¿Qué implica considerar a la astrología como una tradición, una noble tradición? En primer lugar, limitar la importancia personal del astrólogo y renunciar de antemano a considerarse intérprete único o mejor. Sabemos que ninguno de los que intentamos acercar a los humanos el lenguaje del cosmos somos nada más que uno más, un eslabón en una cadena milenaria de descubrimientos y olvidos, de intentos y fracasos, de pruebas y aciertos de los que ha ido quedando en el depósito de los siglos un poso difuso desde el que es posible hablar. Pero hacerlo con demasiado empeño, con demasiada soberbia doctrinal, con demasiada dependencia de la voz de otro es un riesgo, y conduce sin duda alguna al error. Hay que atreverse a ser sólo parte de una tradición que siempre nos excede, y renunciar a un único punto de vista. También al propio.
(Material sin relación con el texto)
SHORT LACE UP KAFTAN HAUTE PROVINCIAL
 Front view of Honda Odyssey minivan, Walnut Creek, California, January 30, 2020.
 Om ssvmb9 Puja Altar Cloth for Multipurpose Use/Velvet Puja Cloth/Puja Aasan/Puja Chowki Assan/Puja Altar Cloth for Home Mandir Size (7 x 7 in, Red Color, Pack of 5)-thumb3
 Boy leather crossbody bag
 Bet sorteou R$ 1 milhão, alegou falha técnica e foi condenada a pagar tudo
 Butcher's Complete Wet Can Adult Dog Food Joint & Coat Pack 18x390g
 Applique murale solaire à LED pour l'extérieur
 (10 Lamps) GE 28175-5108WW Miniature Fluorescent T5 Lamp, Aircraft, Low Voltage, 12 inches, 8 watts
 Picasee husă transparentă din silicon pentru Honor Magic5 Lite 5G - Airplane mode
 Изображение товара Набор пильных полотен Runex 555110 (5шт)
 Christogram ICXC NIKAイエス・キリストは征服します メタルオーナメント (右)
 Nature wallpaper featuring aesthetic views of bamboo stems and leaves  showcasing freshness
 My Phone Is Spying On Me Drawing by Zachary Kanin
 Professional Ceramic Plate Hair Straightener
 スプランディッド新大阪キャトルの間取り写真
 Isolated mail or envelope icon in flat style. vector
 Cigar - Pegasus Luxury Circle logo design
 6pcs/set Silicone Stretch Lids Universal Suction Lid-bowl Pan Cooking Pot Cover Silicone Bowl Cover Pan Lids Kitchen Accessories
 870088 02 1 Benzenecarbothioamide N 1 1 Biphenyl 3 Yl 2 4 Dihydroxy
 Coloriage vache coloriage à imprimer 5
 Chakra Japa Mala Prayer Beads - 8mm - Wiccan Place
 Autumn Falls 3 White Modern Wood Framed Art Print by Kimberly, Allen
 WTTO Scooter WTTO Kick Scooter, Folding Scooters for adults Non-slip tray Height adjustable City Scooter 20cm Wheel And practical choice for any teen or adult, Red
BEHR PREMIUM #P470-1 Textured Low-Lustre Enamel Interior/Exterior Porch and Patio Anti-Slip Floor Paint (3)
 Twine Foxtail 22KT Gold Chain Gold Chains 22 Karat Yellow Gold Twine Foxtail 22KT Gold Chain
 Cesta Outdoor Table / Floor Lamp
Quien practica la astrología sabe en verdad que las palabras con que otro puede haber enseñado el sentido de un signo o la posición de un planeta son sólo un elemento en una trama más rica, en la que necesariamente hay que integrar muchos más hilos: otros astrólogos lo verán de otra manera, lo interpretarán distinto y abrirán espacio a la confrontación. El consenso es complejo. Cualquier búsqueda, mínimamente abierta en su investigación, descubre que hay mil y un matices entre las distintas escuelas y los distintos autores, puntos de vista divergentes en torno a aspectos incluso centrales del código astronómico, y que de todo ello caben por lo menos dos opciones: o bien deducir de ahí el sinsentido de todo este camino y negarle a todos el valor en lo que afirman, o bien optar por lo contrario y decidirse a darles a todos algo de verdad, apostar por hablar con las palabras de otros aún cuando sean contradictorias y distintos los recursos, y las interpretaciones diverjan.
Esta última opción es posible: pero supone, y con eso volvemos al principio, aceptar que un astrólogo no puede ser nunca discípulo de un único maestro, sino que para hablar con convicción en su voz propia no puede más que hacerlo hablando con las palabras de otros, de muchos de los otros que han dicho algo en este mundillo apasionado, pero sin identificarse del todo con ninguno. Desde las palabras múltiples, disonantes a veces, divergentes siempre, de las mil y una perspectivas astrológicas es desde donde el astrólogo debe hablar para hacerlo por sí mismo. Una trama milenaria de aparentes absurdos y mensajes distintos que en las palabras concretas con que se funden en la consulta individual cobran sentido. Ese es el milagro que supone reconocerse parte de la tradición: no es homogénea, no es coincidente, se contradice a veces, pero si no existe la identificación mecánica con la voz de ningún maestro concreto sino que el astrólogo se puede colocar en el discurso flotante de un pasado inmenso, entonces, cobra sentido. A través del intérprete del cielo habla el pasado, hablan las voces de otros, pero nunca la de uno solo. Un astrólogo necesita varios maestros, muchos, cuantos más mejor, pero al final, no tiene a ninguno más que el código silencioso del cielo y sus propias palabras, articulándose temblorosas sobre el impulso de la intuición. La tradición de la que formamos parte nos acoge y protege, si somos capaces de respetarla abiertamente.